In Almería unemployment currently stands at 23,57%
Paro por municipios: Almería (Andalucía) 2016 | datosmacro.com

It might be an idea to look and see what kind of jobs are available, if any before moving over. 
Many people say that they are prepared to any kind of work, but there are several things that need to be considered. Firstly the number of people unemployed. With the high unemployment you would expect there to be a fair number of Spanish people, who already speak Spanish of course and are likely to speak English too, to also be applying for those jobs.Also, how long would you be prepared to do any kind of job; a few months, a few years? Would your life be any better if you were doing a crap job for a crap wage, on a crap timetable?
Only you can say if you think it's worth the risk or not, but the worst case scenario is one that's worth considering.
On more positive note your children are young enough to take the move well and you have family in the area, which couod be a great help to you


----------



## Natlers80 (Apr 12, 2016)

Yes, would we only be making the move if one of us secures a full time job. 

We would be willing to do these jobs for as long as they pay the bills. We are mainly making the move for the childhood it would offer our children and the advantage of being bi lingual for their future. 

Would you recommend the more built up areas for our initial move? Murcia, almeria etc. 

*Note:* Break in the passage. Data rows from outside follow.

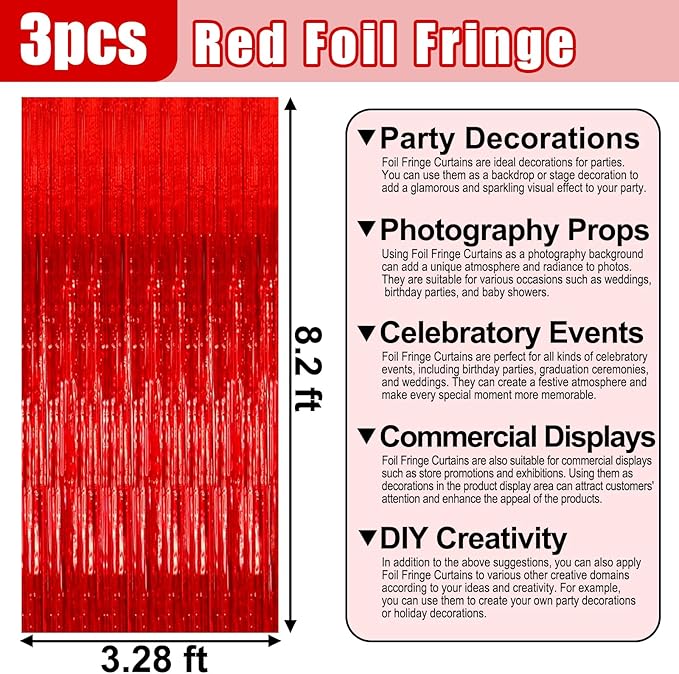 3 Pack Red Foil Fringe Curtain Backdrop, 3.28Ft x 8.2Ft Metallic Tinsel Foil - Image 2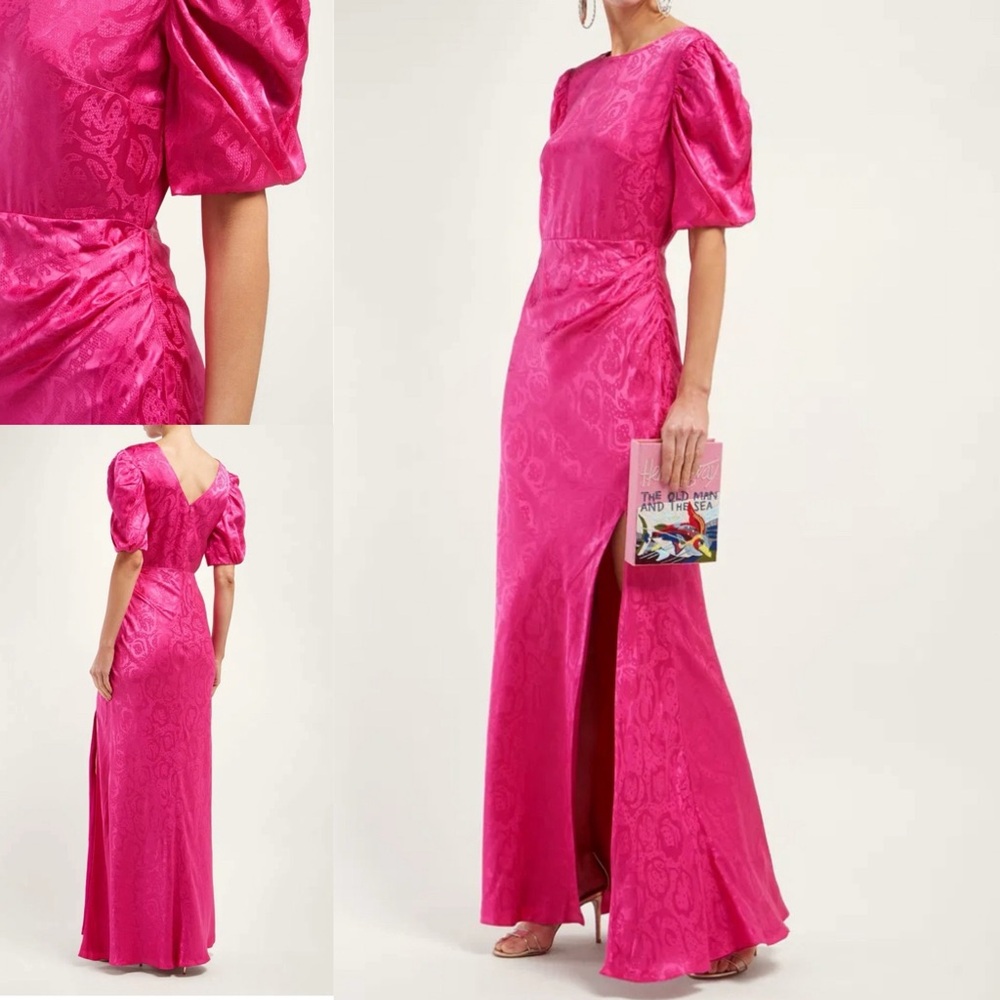 SALONI Pink Puff Sleeve Prom Dress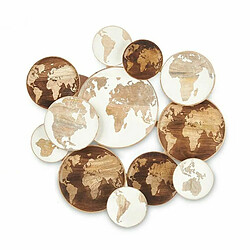 Gift Decor Décoration murale Blanc Marron Bois de manguier Mappemonde 76 x 70 x 5 cm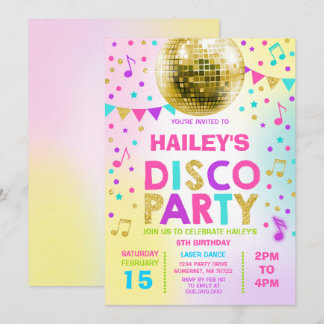 Disco Party Invitation Glow Disco Party Invite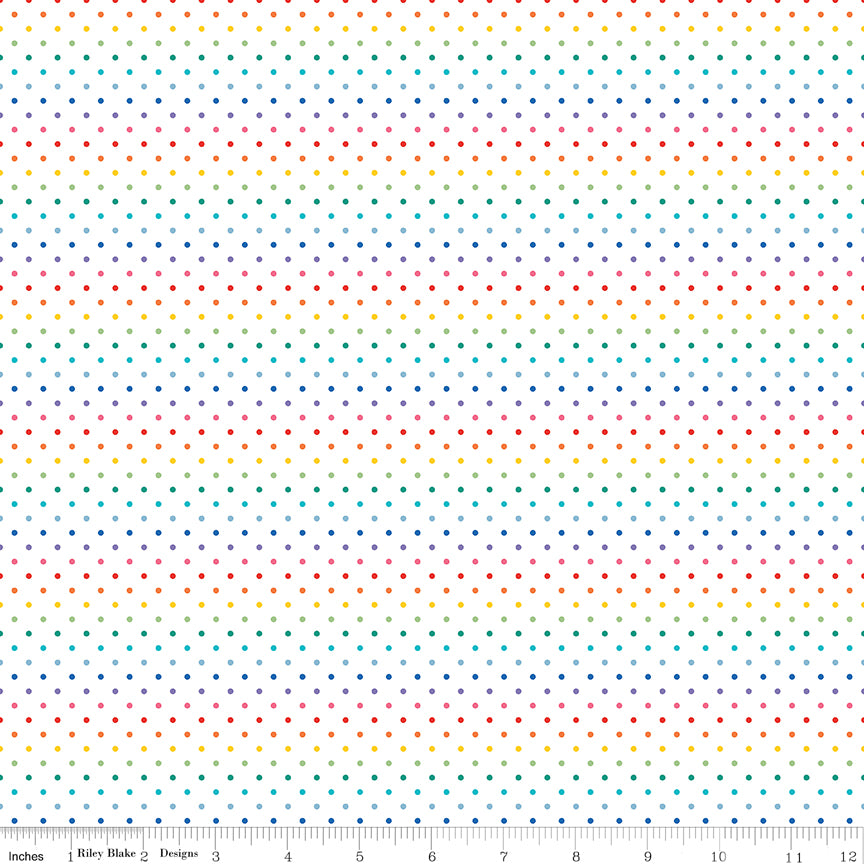 Swiss Dot on White ~ C660-RAINBOW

We will be renting to begin with, so moving about for work to begin with should be relatively easy.


----------



## thrax (Nov 13, 2008)

Your children are the perfect age to integrate into the Spanish system and learn the language. Our son started school when he was 3 and now at 6 he is fluent in both English and Spanish and learning German. However, whilst work is available, at least where we live, it generally goes to folk who are fluent in Spanish. You are quite right to not move until one of you has secured a job. The employment situation is getting better but it is still pretty horrendous.


----------



## Natlers80 (Apr 12, 2016)

thrax said:


> Your children are the perfect age to integrate into the Spanish system and learn the language. Our son started school when he was 3 and now at 6 he is fluent in both English and Spanish and learning German. However, whilst work is available, at least where we live, it generally goes to folk who are fluent in Spanish. You are quite right to not move until one of you has secured a job. The employment situation is getting better but it is still pretty horrendous.


Can I ask what area you live in and what you think of the schools?

What would be the most popular jobs in the area. We are willing to re train in a different area if it was going to be an advantage to us in Spain.


----------